▶ _Data excerpts_
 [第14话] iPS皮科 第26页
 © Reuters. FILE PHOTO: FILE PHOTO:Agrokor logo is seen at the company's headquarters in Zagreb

* * *

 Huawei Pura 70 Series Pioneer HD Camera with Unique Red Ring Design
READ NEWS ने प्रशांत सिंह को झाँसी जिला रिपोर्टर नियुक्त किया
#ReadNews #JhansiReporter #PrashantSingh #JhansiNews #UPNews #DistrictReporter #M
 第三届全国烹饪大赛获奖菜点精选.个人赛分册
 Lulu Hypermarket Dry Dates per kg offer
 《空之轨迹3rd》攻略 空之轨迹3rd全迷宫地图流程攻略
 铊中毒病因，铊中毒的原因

---

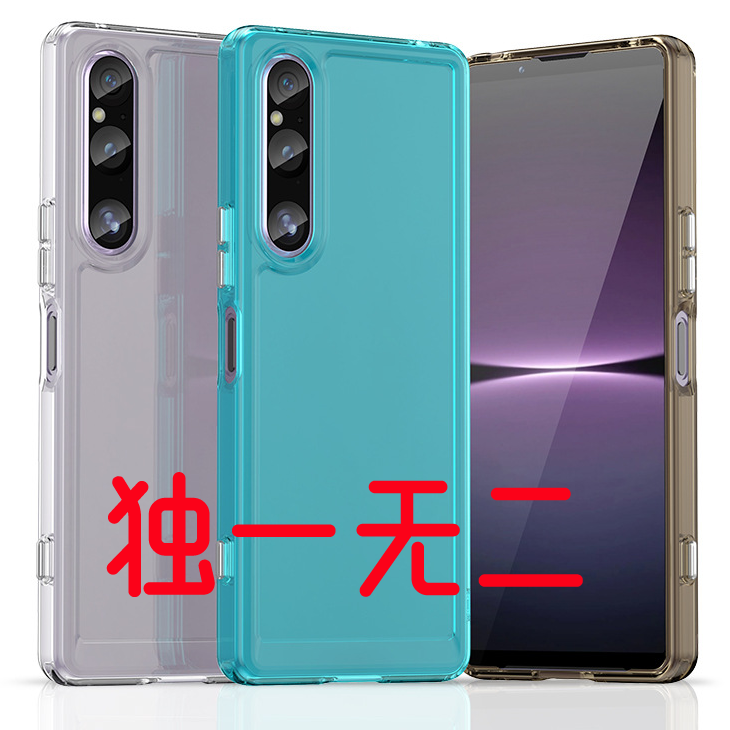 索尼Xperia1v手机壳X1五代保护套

▶ _Exercise_
I'd like the lines above from the one with "第三届全国烹饪大赛获奖菜点精选.个人赛分册" up to and including the one with "铊中毒病因，铊中毒的原因" copied exactly, with no other lines.

▶ _Response area_
 第三届全国烹饪大赛获奖菜点精选.个人赛分册
 Lulu Hypermarket Dry Dates per kg offer
 《空之轨迹3rd》攻略 空之轨迹3rd全迷宫地图流程攻略
 铊中毒病因，铊中毒的原因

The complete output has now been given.